По мере того как Лахновский философствовал, красивые ярко-коричневые глаза Полины всё расширялись, расширялись. Она перестала моргать, она глядела на Лахновского так, будто увидела вдруг ореол над его головой. А может быть, ей и почудился в самом деле такой ореол. В груди её образовалась от восторга и благоговения какая-то пустота. Она, бросив тарелки, торопливо вытерла мокрые руки, качнулась к Лахновскому, упала перед ним на колени.
— Арнольдик! Ты не маленький человек, ты велик! — задыхаясь, воскликнула она, схватила горячими от воды руками его пальцы, начала их целовать. — Боже, какой ты человек! Что я ещё могу для тебя?! Что могу?

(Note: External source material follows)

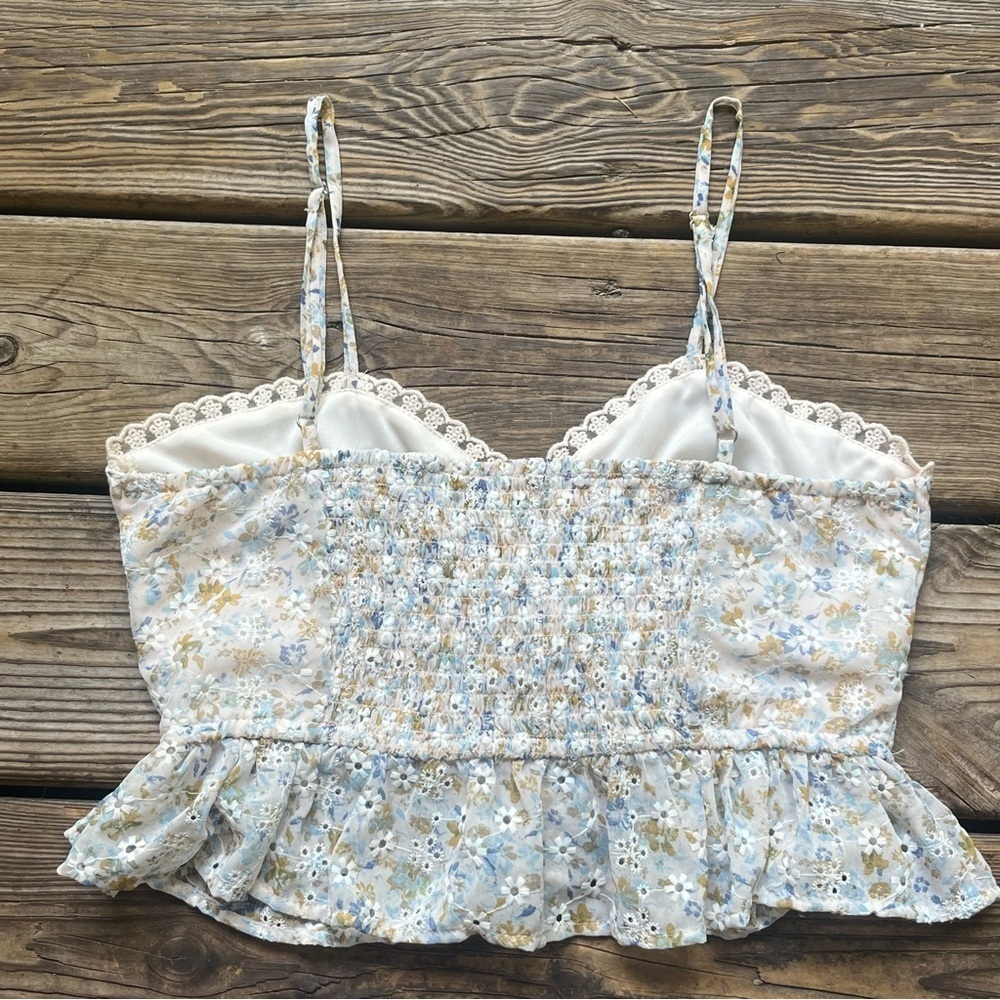 White Lace Floral Tank Top Cami Women’s Small Wild Fable Embroidered Blouse - Picture 4 of 9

Лахновский поморщился от этого неуместного и пошлого эмоционального взрыва, тихонько отстранил её и встал.
— Вот так, Полина. Отец твой действительно был трус, ничтожество. Его жена, а твоя мать… открыто была моей любовницей, а он даже не имел смелости и вида подать, что знает…
— Она недостойна тебя, Арнольдик! — с жаром воскликнула Полина. — Она стара, как заезженная кобыла!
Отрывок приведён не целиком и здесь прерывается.